Collected material START
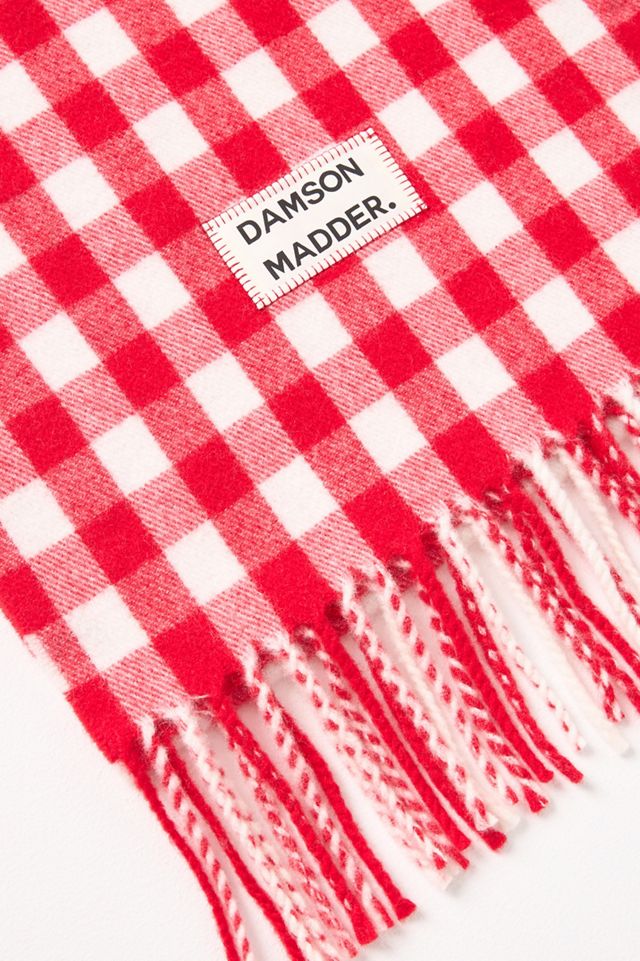 Damson Madder Gingham Wool Scarf #1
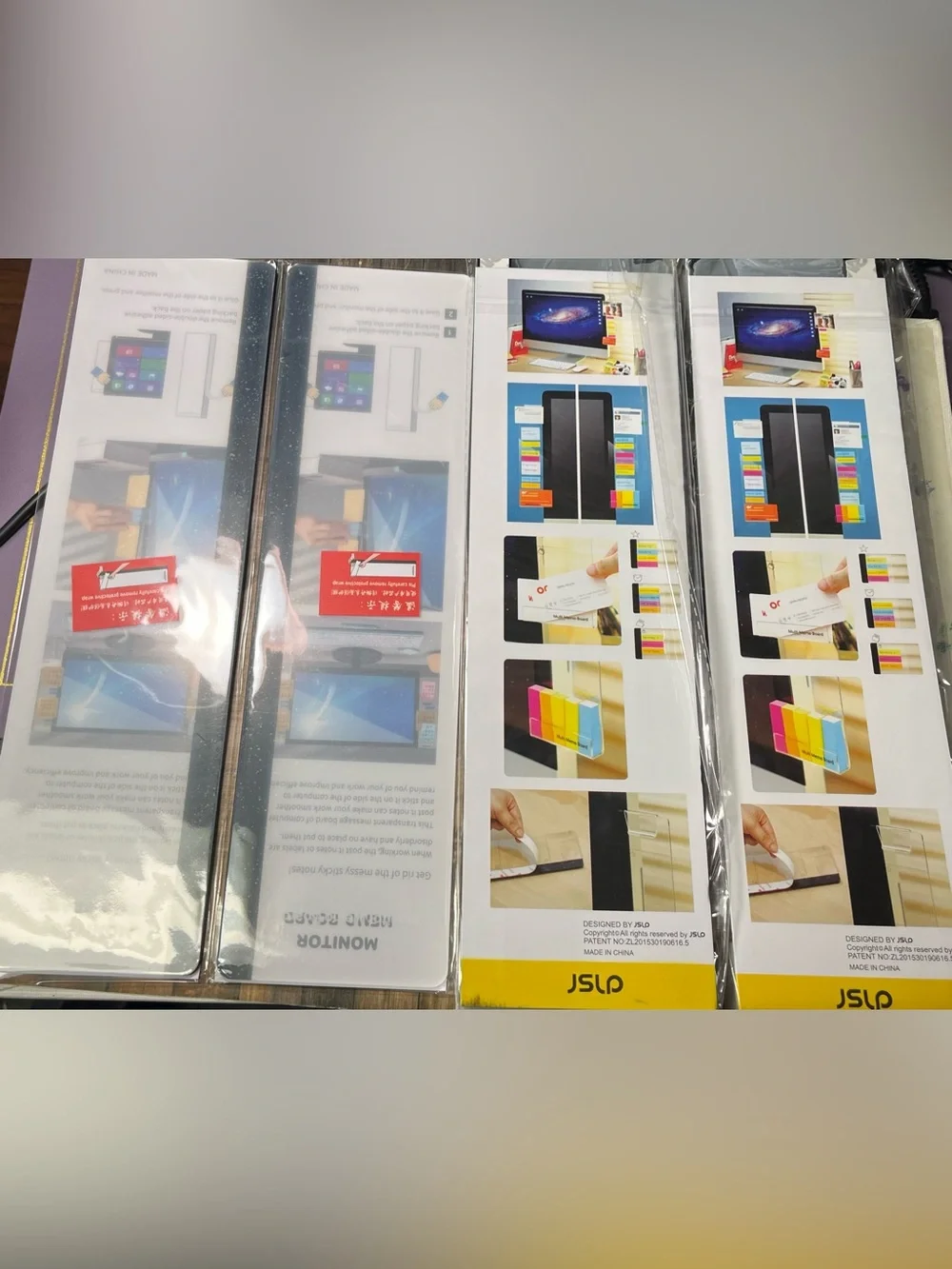 Clear Acrylic Monitor Memo Boards for Computer Office Organization 4PC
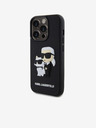 Karl Lagerfeld Karl Lagerfeld 3D Gumi Karl és Choupette Hátlap iPhone 15 Pro Fekete
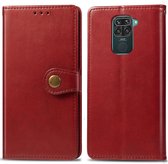 Voor Xiaomi Redmi 10X 4G / Redmi Note 9 Retro effen kleur lederen gesp telefoonhoes met lanyard & fotolijst & kaartsleuf & portemonnee & standaardfunctie (rood)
Collected material END
__Brief__.
Please write out exactly the lines from the one holding "Karl Lagerfeld Karl" through the last line of the material above, both included, as a copy without pictures.

__Written solution__.
 Karl Lagerfeld Karl Lagerfeld 3D Gumi Karl és Choupette Hátlap iPhone 15 Pro Fekete
 Voor Xiaomi Redmi 10X 4G / Redmi Note 9 Retro effen kleur lederen gesp telefoonhoes met lanyard & fotolijst & kaartsleuf & portemonnee & standaardfunctie (rood)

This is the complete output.